**INFORMATION SHOWN**
━━━━

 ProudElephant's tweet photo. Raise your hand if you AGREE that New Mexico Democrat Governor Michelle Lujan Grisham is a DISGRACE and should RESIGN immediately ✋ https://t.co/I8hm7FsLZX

━━━━

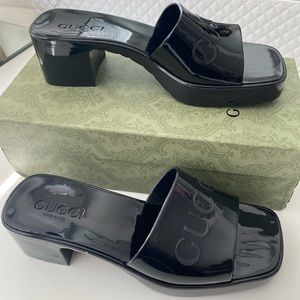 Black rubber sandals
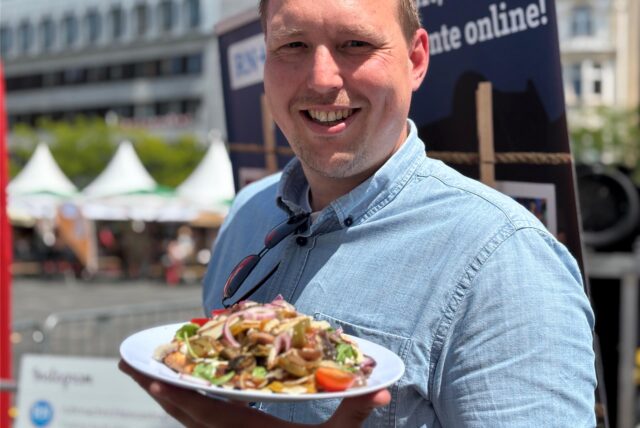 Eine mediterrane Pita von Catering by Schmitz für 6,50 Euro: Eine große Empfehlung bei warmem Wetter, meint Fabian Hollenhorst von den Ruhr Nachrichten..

━━━━

Write out exactly the run of lines above that starts at the line containing "Black rubber sandals" and ends at the line containing "Eine mediterrane Pita". Include both, and leave the pictures out.

 Black rubber sandals
 Eine mediterrane Pita von Catering by Schmitz für 6,50 Euro: Eine große Empfehlung bei warmem Wetter, meint Fabian Hollenhorst von den Ruhr Nachrichten..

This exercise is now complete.